According to The Dana Farber Cancer Institute, BPDCN is a rare, aggressive disease of the bone marrow and blood cells typically diagnosed in people between 60 and 70 years old. There are few effective treatment options, and with a wide range of symptoms and little data, BPDCN is frequently misdiagnosed and underreported. It decreases the red blood cells, white blood cells, and platelet counts in the body and can evolve to the bone marrow and spleen. Symptoms vary but include skin lesions, enlarged lymph nodes, fatigue and stomach pain.

Director of BPDCN Center at the Dana Farber in Boston, physician Andrew Lane, is administering Rohleder’s treatment. According to a letter Lane wrote on behalf of Rohleder, “He may have been exposed to toxins in the drinking water, including benzene, trichloroethylene, tetrachloroethylene, dichloroethylene, and vinyl chloride. Some of these chemicals are associated with an increased risk of cancer, including leukemia. In my opinion, it is possible that these exposures could have contributed to his current disease. The VA Hospital does not offer any known cure for this type of leukemia, nor the experimental drug that has proved the most successful.”
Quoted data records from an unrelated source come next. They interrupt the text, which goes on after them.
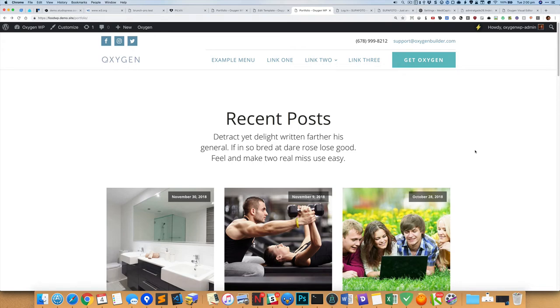Hey, this is Sridhar from wpwdesign.com. In this video I'm going to show you how to build custom loops with custom queries in Oxygen using a code block element.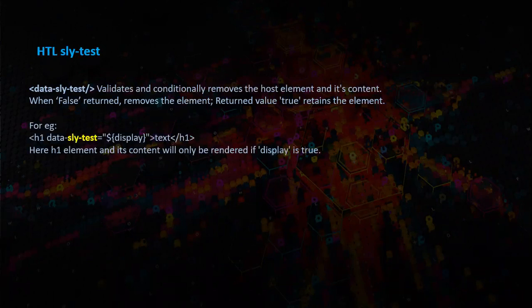Let us see a use case. In this case, h1 data-sly-test wherein display is getting tested for the text. So here, the h1 element and its content will only be rendered if display is true.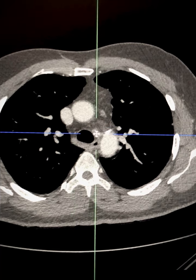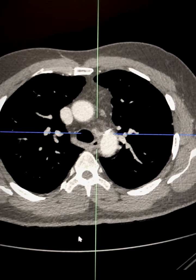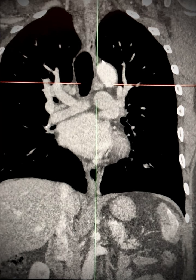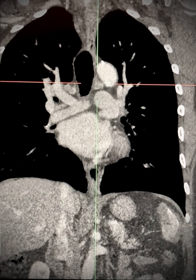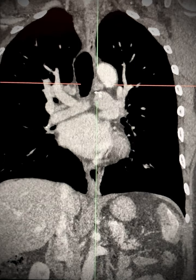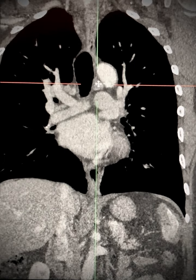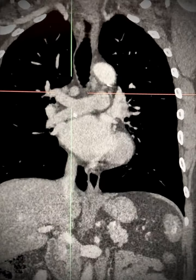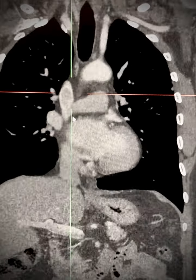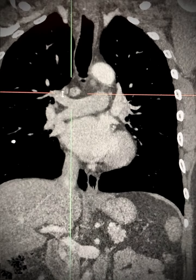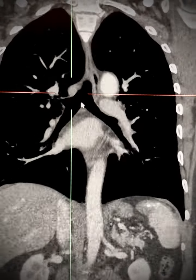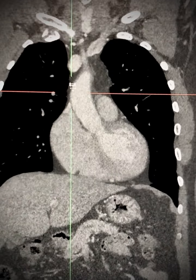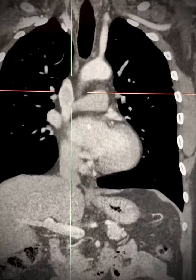We will look at this on a coronal map, and you can see that it is below the superior margin of the arch and above the pulmonary artery, and therefore 4L. And this node here is above the inferior margin of the azygos vein and below the left brachiocephalic vein, and therefore 4R.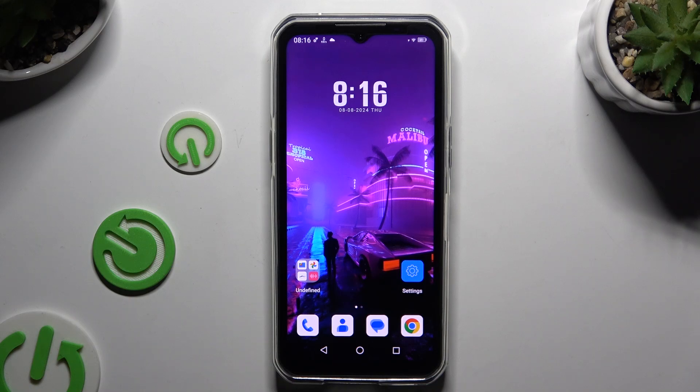In front of me is the Oukitel WP35, and today I would like to show you how you can turn on or off Google Autofill.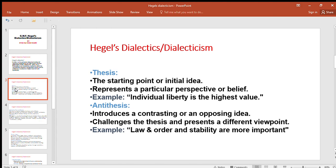Thesis is the starting point or initial idea. Near Hegel, thesis is the starting point or initial idea that first emerges. It represents a particular perspective or belief — a particular idea, belief, viewpoint. For example: 'Individual liberty is the highest value' — individual liberty has immense value and utmost importance.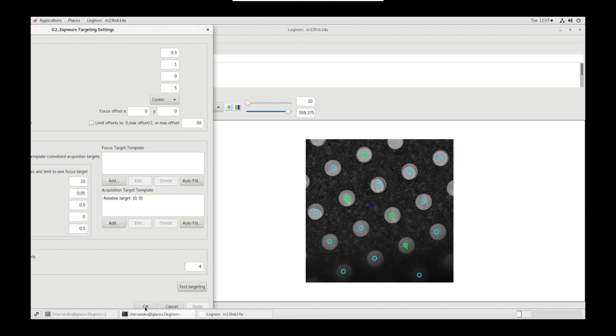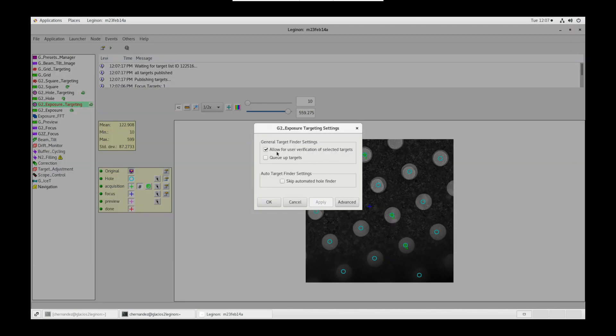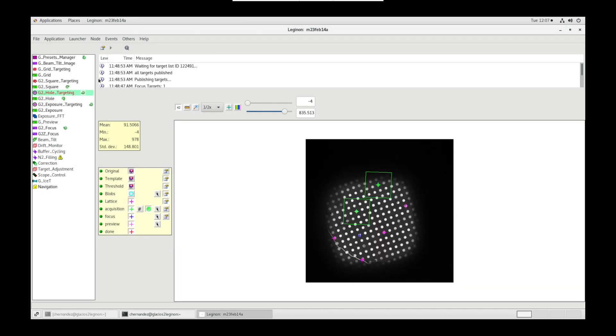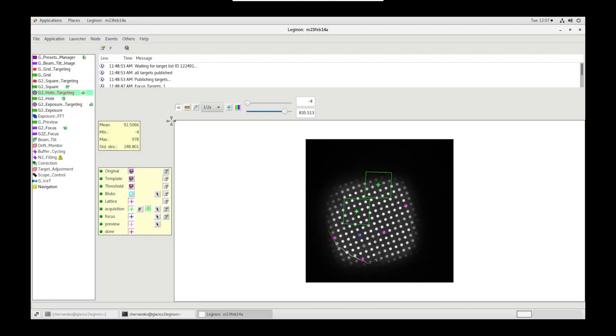Again, try to be loose with thresholding. Once satisfied, we can submit targets and turn off allow user verification of selected targets. Let's go back to whole targeting in settings. Also turn off allow user verification of selected targets. And let's let the session run.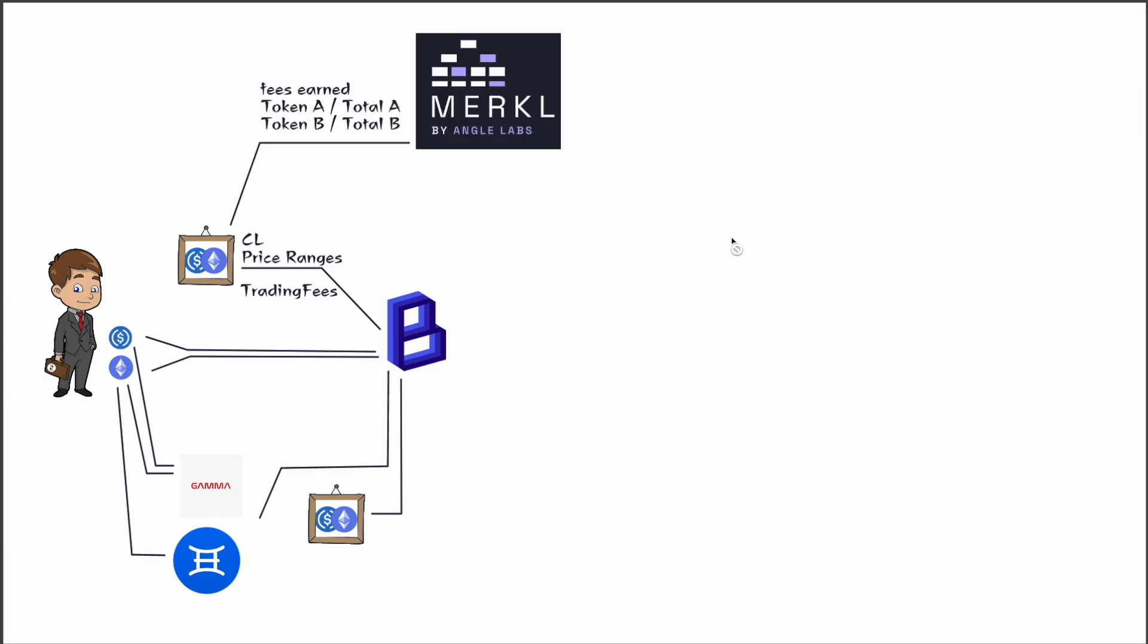Okay, now the way this system works is they use a protocol called Merkle, and I do have a video on Merkle as well. You can watch that video to get a deeper understanding of it, but basically what Merkle does is it looks at the concentrated liquidity positions and then it manages the rewards for, in this case, Blueprint. Okay, so they work with a lot of other protocols that all have concentrated liquidity positions and they help to distribute the rewards to those people.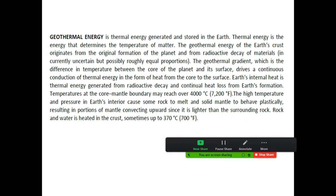Temperature at the core-mantle boundary may reach over 4000 degrees centigrade or 7200 Fahrenheit. The high temperature and pressure in earth's interior cause some rock to melt and solid mantle to behave plastically, resulting in portions of mantle convecting upward since it is lighter than surrounding rock. Rock and water is heated in the crust,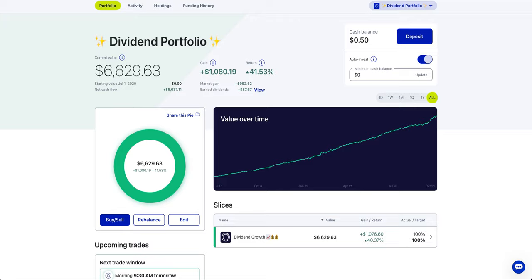Now that we know the basic understanding of opportunity cost, let me show you how it ties in with major life decisions. Let's say you make $100 every single week. Half of it goes to your basic needs and expenses that you have to pay no matter what, so now you have $50 extra every single week.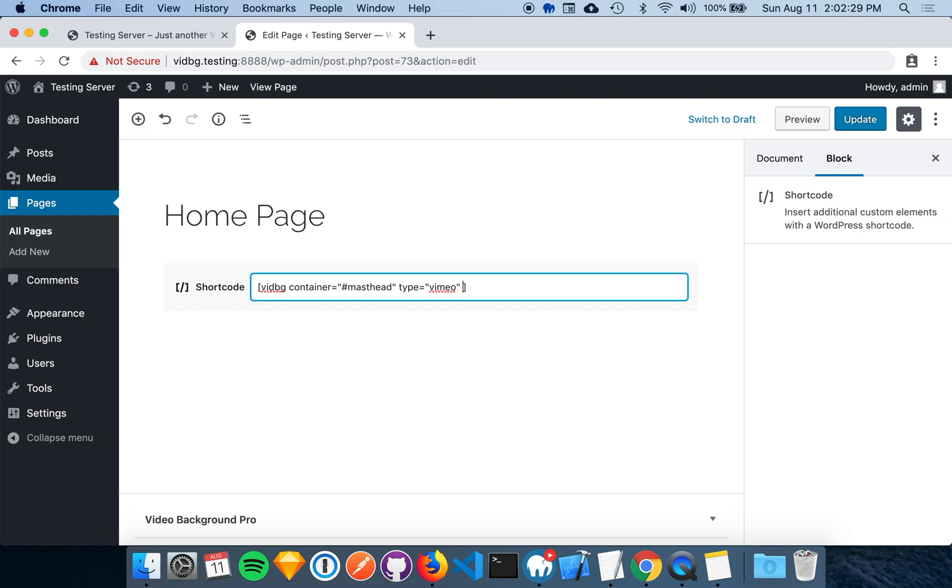Since we are using Vimeo, we must also include the Vimeo URL attribute. This is the link to the Vimeo video you want to use.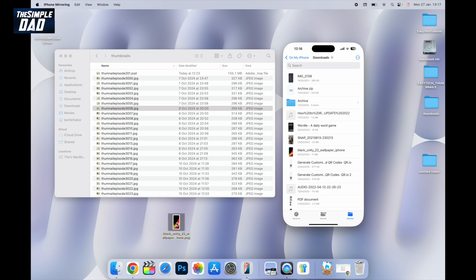So there you go guys. That is how to transfer files to your iPhone using the drag and drop method on your macOS Sequoia.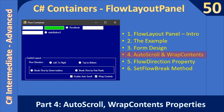Hello friends, welcome to the C# intermediate to advanced tutorial. You are watching part 4 of the subseries on FlowLayout Panel. In this video we will explore the AutoScroll as well as WrapContent properties. We will learn the AutoScroll property using one checkbox and the WrapContent property using a second checkbox.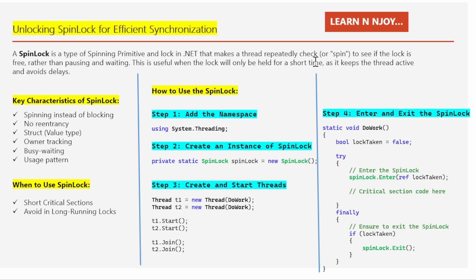Now imagine the scenario with a spin lock. Instead of sitting and relaxing, you keep standing behind your friend and continuously check if they are done. The moment your friend finishes typing, you instantly jump in and start using the keyboard — saving the time it would take to get back up. That's how a spin lock helps in saving time and synchronization.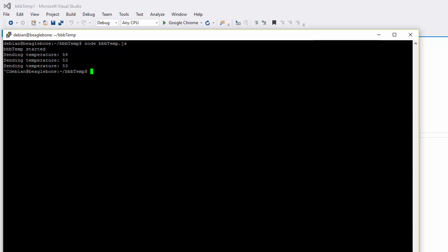So instead of doing that I'm going to stop. I'm going to back up and just go node remote debug. I've previously loaded this file. This is the proxy file that does the communication to Visual Studio, giving us the information we need so that we can do the remote debugging. And then I just enter my application.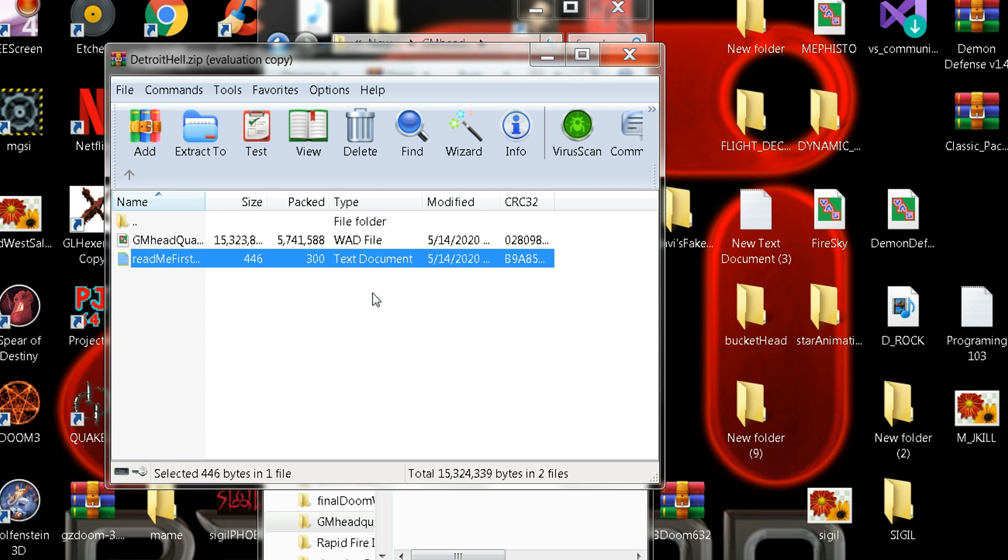If you don't have that source port, I'm going to include a link in the description for both the wad and the source port. But you don't have to play it with that if you don't want to. It's for Jeezy Doom.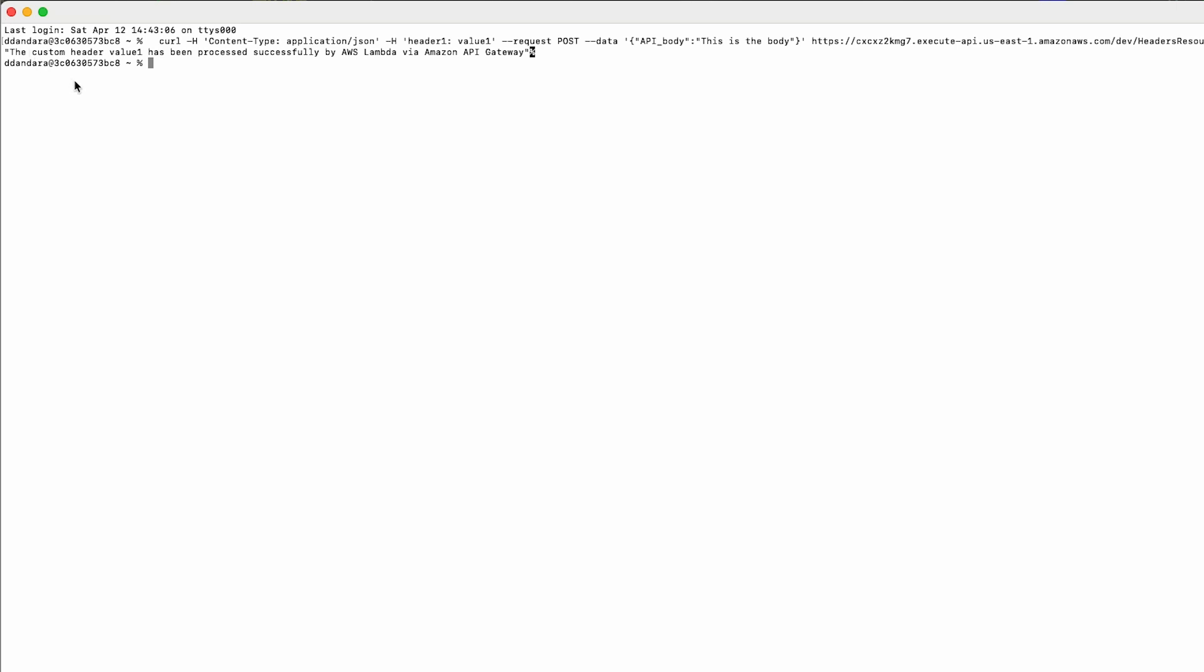So, that's how you can pass custom headers through API gateway to a Lambda function with Lambda non-proxy integration. Thanks for watching and happy cloud computing from all of us here at AWS.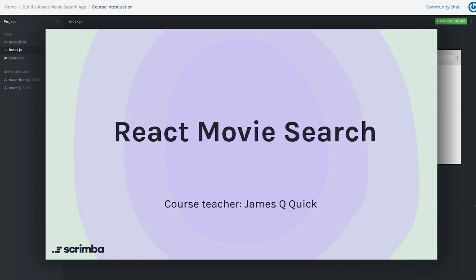Hey everyone and welcome to this course on Scrimba called React Movie Search. I am really excited about this course. I think you're going to enjoy it and I think you're going to enjoy the Scrimba platform as well.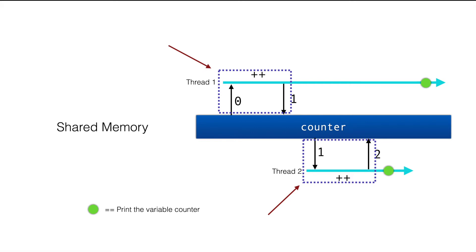For our purpose, we are going to use AtomicInteger. And from that class, we are going to use incrementAndGet method. Since all the methods in atomic classes are thread safe, we do not have to worry about thread safety ourselves.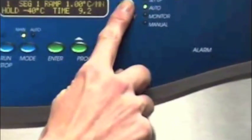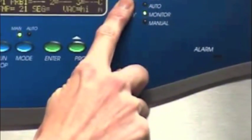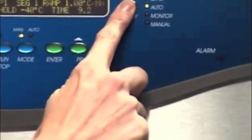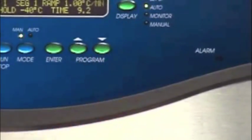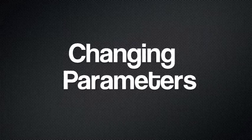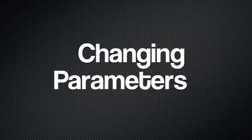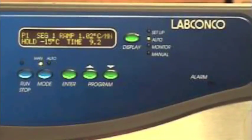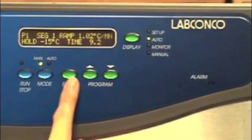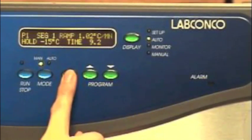Use the display button to move to auto mode. To toggle between the settings, use the enter key.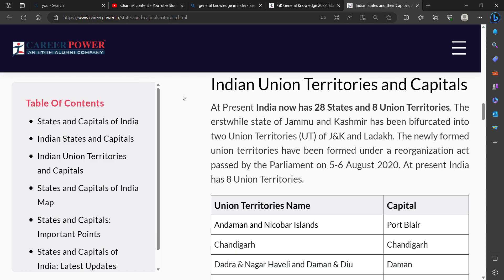Hello Friends! Today we will see Indian Union Territories and their Capitals.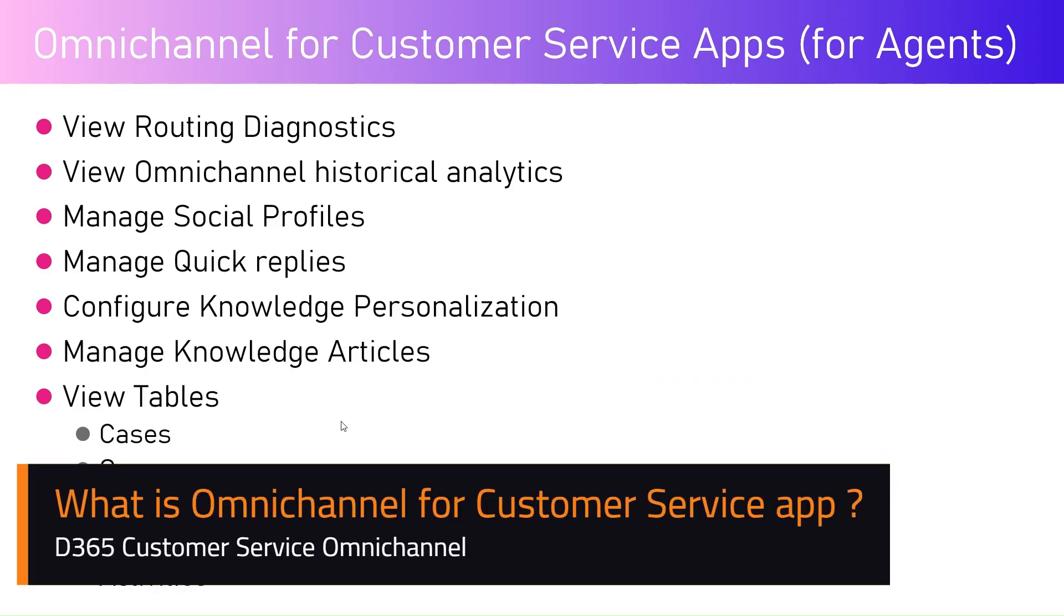In this video I'm going to talk about Omnichannel for Customer Service app. This is the app which will be mainly used by agents within your organization. Agents are basically individuals who work on a case, who receive cases from various channels provided by the customers.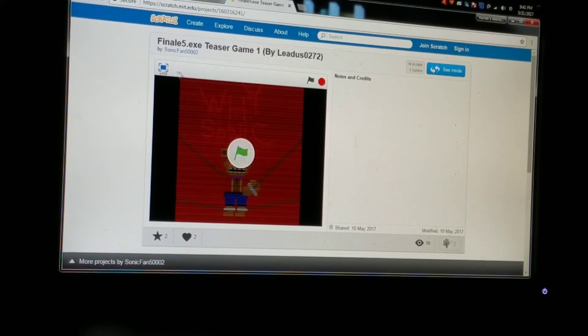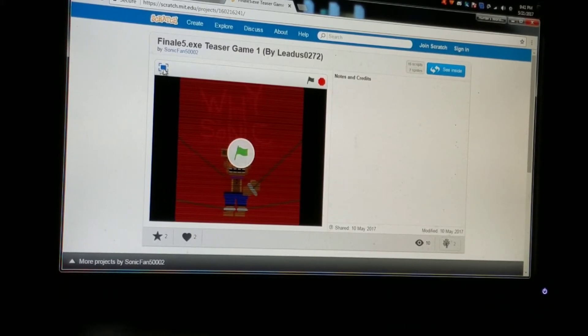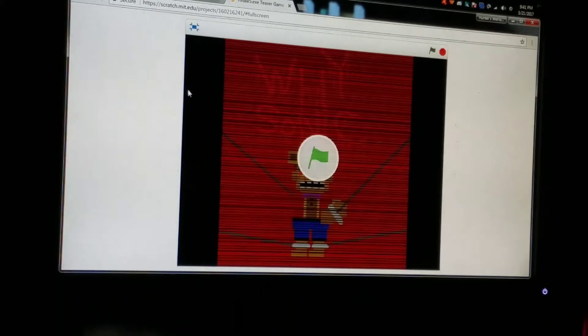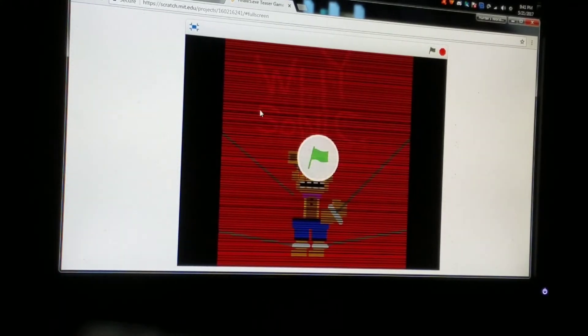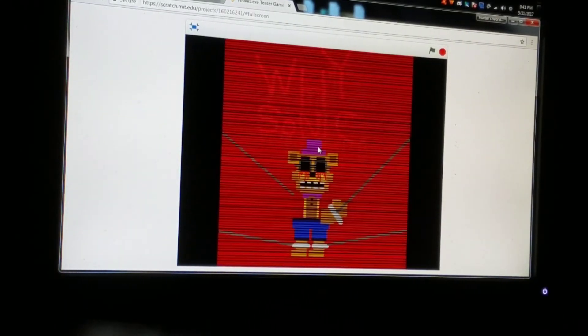I don't know why I can do this for Finale 5.exe teaser game one. And let's see.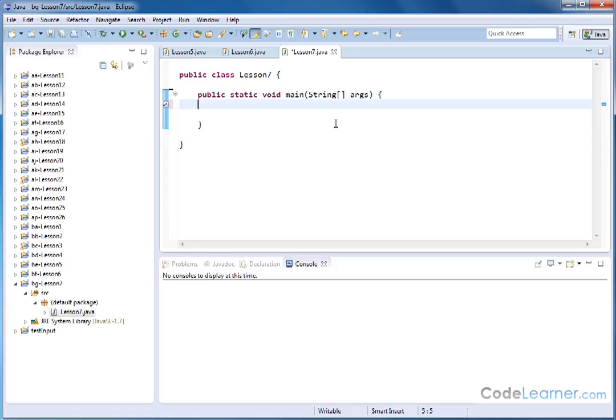The thing to keep in mind with the switch statement is that everything you can do with the switch statement can also be accomplished by other avenues in Java, such as if statements.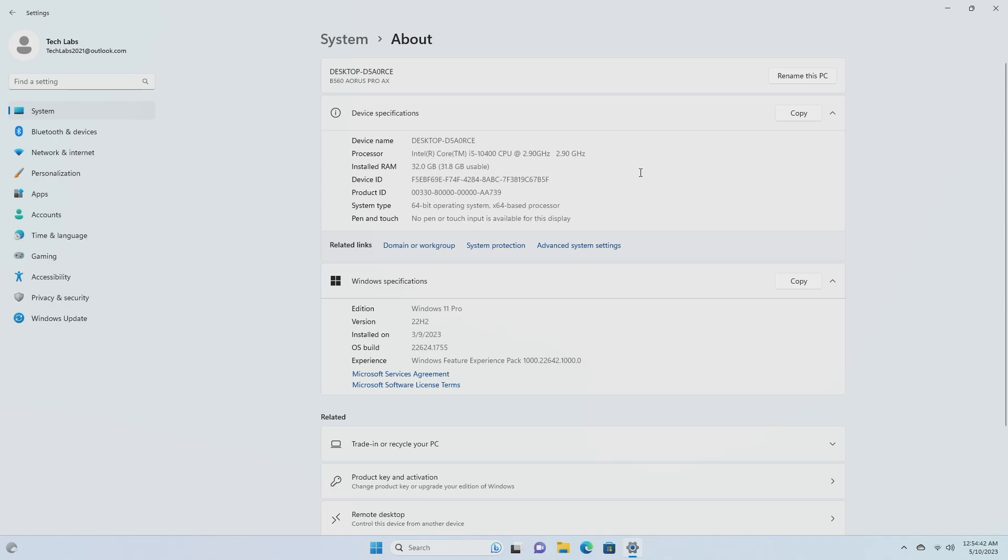Insiders who landed in the group with new features turned off by default, Build 22621, can check for updates and choose to install the update that will have features rolling out, Build 22624.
Rohleder started the first phase of treatment, SL401, in May, which is experimental and in its third leg trial before the FDA reviews it for approval. After that, he had full-body radiation, and then a stem-cell transplant where his immunity was eradicated and replaced by his sister’s, who was his donor. Now, he has her immunity.

“In Boston, they’ve treated the most people with BPDCN, and they’ve saved one person. We are planning on my husband being the second,” Tricia said.

Although Rohleder is not part of any support groups he said he certainly has support. “I have a lot of support from my wife and I rely greatly on her. She’s my rock and we both rely on family,” Keith said.


If You Go…

Rally for Rohleder will be held from 1 to 5 p.m., Sunday, April 15, at Classics V Banquet Center, 2425 Niagara Falls Blvd., Amherst, NY 14228. Admission is $20.

There will be food and refreshments, entertainment, theme baskets, specialty raffles and 50/50 split.